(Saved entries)
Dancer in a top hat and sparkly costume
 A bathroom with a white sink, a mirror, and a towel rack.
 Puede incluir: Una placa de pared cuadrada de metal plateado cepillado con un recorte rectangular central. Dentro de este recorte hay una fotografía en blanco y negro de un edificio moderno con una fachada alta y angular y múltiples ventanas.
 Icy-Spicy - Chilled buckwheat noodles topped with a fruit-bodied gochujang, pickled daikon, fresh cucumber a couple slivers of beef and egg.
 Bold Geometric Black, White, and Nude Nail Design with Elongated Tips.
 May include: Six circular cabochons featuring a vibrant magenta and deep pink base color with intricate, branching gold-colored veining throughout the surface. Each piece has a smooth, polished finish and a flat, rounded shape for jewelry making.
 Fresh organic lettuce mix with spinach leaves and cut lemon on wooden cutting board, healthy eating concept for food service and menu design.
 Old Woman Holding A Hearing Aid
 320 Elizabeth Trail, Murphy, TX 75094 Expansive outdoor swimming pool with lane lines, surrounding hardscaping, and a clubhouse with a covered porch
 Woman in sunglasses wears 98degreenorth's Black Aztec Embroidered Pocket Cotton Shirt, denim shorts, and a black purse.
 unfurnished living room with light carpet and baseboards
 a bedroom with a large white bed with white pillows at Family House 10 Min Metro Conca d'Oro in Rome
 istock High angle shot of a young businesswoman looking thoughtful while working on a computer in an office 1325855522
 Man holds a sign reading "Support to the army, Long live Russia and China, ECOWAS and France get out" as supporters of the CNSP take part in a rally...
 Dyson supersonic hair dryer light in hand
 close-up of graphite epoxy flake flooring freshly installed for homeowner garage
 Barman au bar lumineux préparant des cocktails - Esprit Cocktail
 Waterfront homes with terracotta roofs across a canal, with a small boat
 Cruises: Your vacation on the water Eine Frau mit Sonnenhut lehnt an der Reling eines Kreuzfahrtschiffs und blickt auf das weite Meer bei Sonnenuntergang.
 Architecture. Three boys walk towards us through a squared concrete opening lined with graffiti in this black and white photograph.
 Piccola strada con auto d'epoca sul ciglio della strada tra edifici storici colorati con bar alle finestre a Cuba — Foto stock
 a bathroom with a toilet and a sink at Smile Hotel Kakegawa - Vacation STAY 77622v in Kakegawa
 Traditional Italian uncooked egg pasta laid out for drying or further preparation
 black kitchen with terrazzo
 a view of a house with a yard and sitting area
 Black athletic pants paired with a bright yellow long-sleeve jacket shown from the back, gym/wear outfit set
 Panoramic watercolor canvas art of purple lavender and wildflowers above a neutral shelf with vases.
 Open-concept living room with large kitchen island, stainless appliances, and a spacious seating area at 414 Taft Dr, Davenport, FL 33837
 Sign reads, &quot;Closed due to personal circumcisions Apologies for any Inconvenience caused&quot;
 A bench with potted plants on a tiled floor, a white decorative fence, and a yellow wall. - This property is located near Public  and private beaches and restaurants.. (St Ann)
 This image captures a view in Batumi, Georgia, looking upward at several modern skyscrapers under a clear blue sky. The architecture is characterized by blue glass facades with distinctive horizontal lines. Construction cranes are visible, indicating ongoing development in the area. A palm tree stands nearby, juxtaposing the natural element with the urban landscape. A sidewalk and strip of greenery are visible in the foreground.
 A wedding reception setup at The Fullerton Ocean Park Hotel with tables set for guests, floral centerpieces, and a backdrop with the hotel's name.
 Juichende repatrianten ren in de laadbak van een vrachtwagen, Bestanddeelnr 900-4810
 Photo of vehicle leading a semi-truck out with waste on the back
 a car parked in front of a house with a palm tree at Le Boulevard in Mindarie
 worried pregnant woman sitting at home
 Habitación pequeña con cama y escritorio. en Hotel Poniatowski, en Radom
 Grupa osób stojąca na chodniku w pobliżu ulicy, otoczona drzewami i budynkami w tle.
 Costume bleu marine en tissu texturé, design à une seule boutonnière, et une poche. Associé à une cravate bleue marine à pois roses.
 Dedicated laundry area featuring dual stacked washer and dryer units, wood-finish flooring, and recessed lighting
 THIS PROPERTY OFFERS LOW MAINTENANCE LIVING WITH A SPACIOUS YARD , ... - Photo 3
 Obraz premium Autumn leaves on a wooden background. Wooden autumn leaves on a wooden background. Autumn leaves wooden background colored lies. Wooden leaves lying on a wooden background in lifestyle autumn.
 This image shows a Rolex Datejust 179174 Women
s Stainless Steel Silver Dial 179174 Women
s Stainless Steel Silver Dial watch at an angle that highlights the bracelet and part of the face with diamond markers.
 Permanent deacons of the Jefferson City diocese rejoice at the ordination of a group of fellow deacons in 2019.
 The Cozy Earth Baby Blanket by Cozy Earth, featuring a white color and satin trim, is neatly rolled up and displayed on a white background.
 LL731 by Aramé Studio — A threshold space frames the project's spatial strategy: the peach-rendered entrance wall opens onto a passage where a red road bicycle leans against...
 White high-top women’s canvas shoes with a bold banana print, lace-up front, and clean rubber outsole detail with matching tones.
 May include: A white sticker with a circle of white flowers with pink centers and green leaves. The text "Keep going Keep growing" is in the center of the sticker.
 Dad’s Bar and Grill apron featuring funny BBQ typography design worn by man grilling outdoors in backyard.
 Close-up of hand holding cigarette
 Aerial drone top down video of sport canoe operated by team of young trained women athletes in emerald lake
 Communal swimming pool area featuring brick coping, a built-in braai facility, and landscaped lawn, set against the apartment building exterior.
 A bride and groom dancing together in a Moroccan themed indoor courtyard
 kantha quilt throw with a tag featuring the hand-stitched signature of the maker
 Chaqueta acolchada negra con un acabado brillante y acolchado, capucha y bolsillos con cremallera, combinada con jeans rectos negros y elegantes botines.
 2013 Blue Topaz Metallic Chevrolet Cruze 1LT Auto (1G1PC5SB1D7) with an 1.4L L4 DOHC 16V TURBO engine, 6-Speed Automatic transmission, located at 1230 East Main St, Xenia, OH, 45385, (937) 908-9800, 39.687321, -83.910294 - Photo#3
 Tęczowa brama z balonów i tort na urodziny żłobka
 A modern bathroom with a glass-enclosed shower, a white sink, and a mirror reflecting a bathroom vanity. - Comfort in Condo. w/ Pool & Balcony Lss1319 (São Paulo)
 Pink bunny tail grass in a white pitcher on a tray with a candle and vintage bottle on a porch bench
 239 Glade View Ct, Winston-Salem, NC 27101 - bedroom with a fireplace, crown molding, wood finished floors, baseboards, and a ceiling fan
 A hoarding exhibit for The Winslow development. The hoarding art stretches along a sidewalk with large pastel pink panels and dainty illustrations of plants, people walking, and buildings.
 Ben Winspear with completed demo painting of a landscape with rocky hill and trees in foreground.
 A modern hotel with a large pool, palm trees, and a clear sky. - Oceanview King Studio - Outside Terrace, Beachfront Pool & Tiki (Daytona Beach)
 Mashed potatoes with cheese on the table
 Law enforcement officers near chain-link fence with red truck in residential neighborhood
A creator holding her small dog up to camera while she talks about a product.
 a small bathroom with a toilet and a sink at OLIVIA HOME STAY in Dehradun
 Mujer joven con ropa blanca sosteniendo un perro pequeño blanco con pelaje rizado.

ACTIVITY |
Please reproduce the lines from the line with "Black athletic pants" to the line with "Panoramic watercolor canvas", both ends included, exactly as they appear above.

RESPONSE AREA |
 Black athletic pants paired with a bright yellow long-sleeve jacket shown from the back, gym/wear outfit set
 Panoramic watercolor canvas art of purple lavender and wildflowers above a neutral shelf with vases.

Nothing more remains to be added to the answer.